### RECORDS FOR THIS TASK

*** Begin section ***

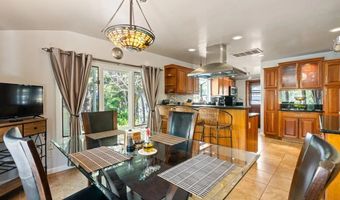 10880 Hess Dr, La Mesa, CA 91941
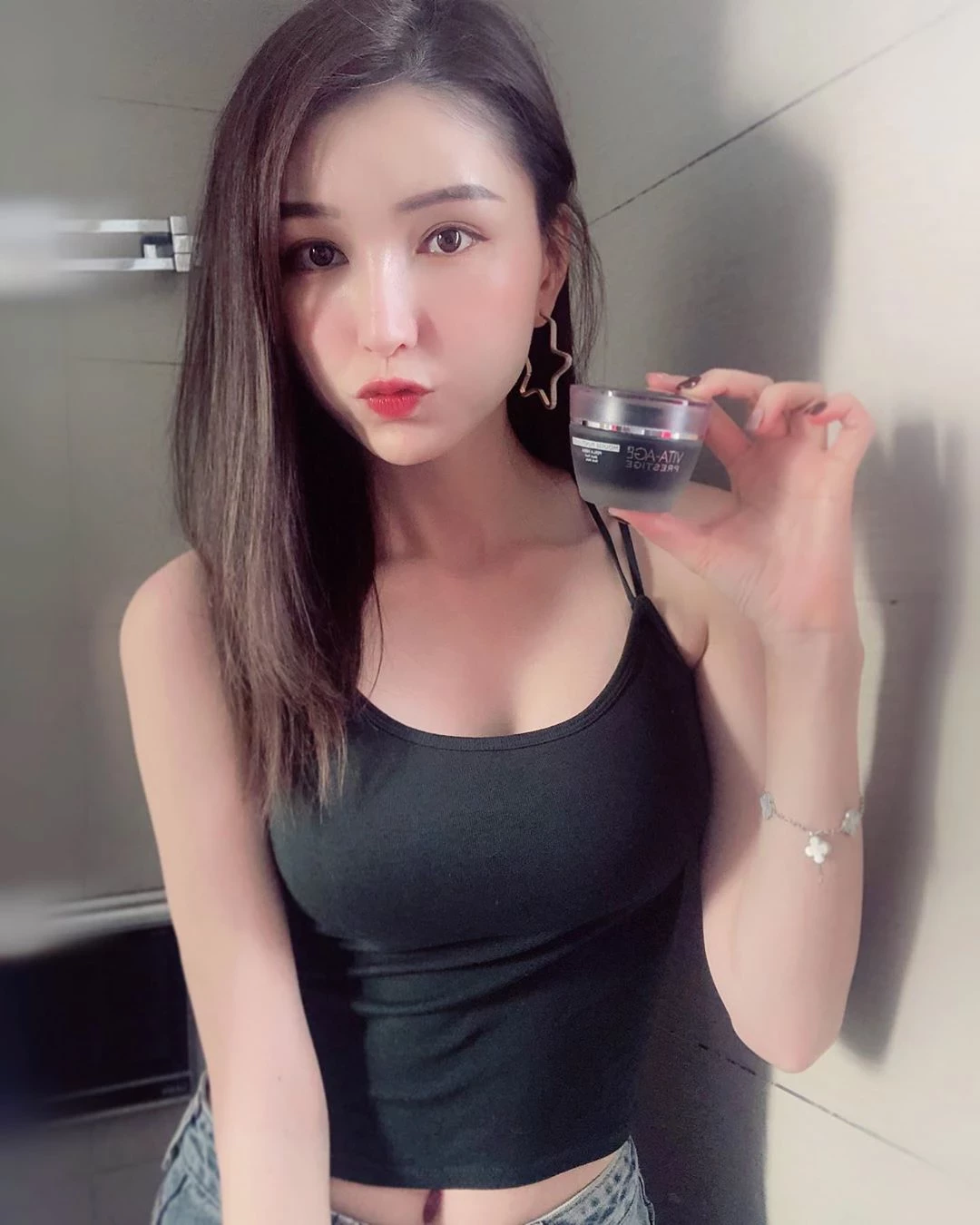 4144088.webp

*** End section ***
*** Begin section ***

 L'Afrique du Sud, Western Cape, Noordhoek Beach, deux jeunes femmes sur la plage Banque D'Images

*** End section ***
*** Begin section ***

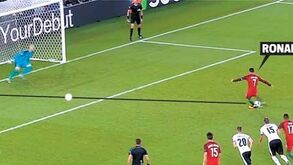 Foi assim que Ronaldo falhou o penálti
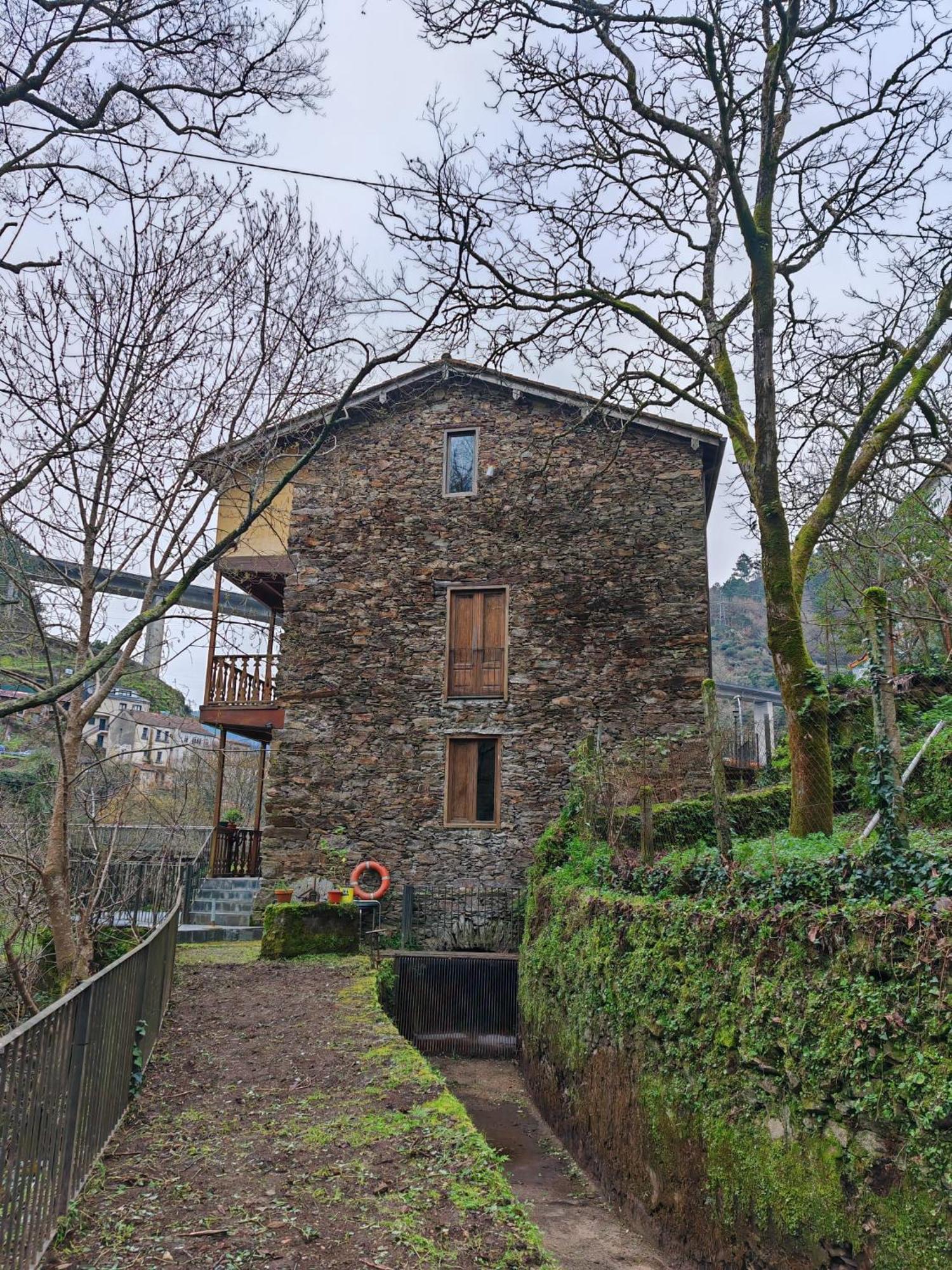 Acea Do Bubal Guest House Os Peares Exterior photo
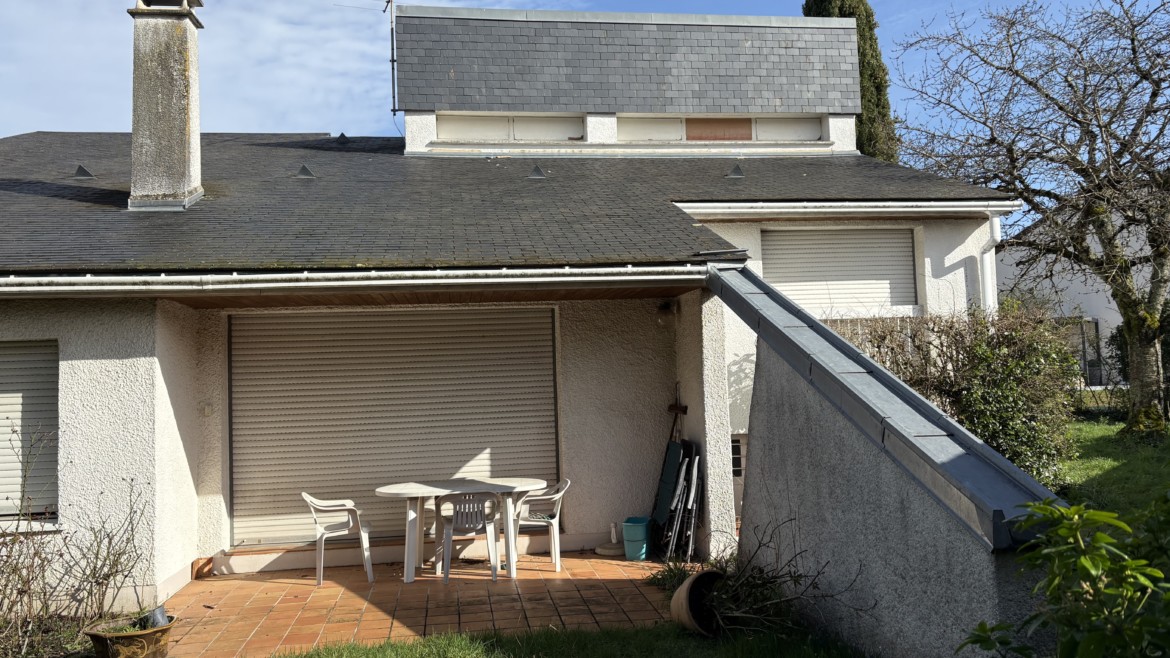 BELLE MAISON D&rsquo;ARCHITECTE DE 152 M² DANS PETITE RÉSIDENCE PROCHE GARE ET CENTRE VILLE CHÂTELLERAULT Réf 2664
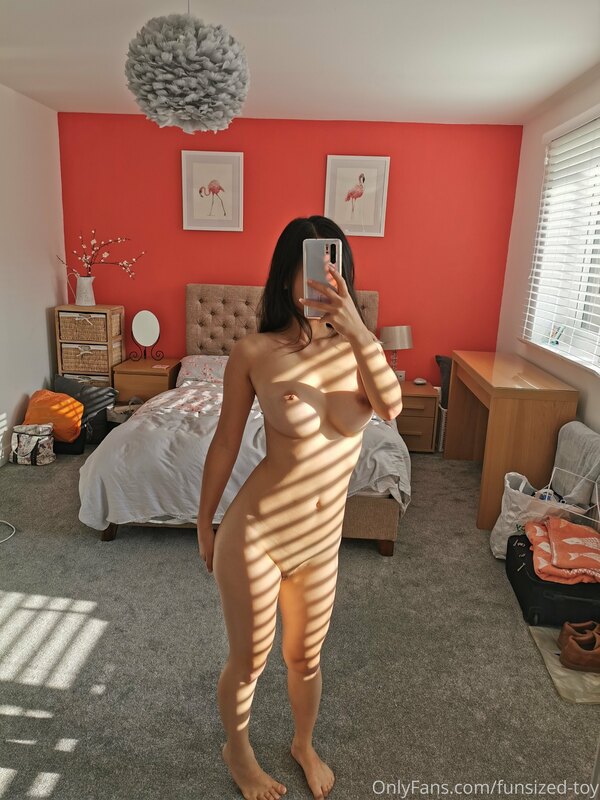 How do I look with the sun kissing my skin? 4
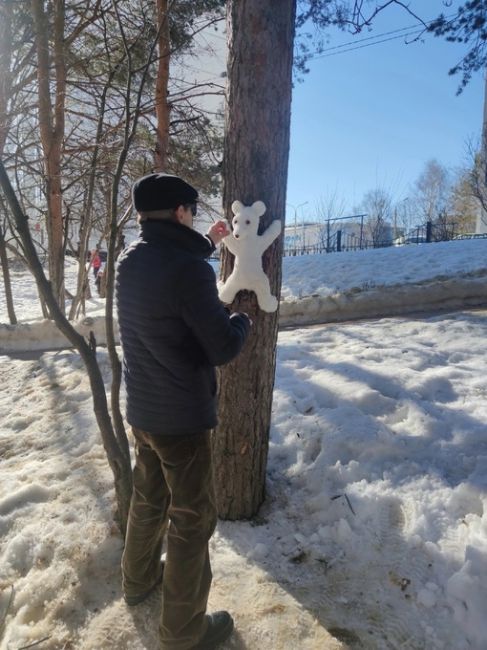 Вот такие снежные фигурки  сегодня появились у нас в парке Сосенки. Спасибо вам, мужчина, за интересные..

*** End section ***

### WHAT THE TASK REQUIRES
What to print is the stretch of entries from the line with "How do I look" up to and including the line with "Вот такие снежные". Please print it exactly and leave out the pictures.

### ANSWER
 How do I look with the sun kissing my skin? 4
 Вот такие снежные фигурки  сегодня появились у нас в парке Сосенки. Спасибо вам, мужчина, за интересные..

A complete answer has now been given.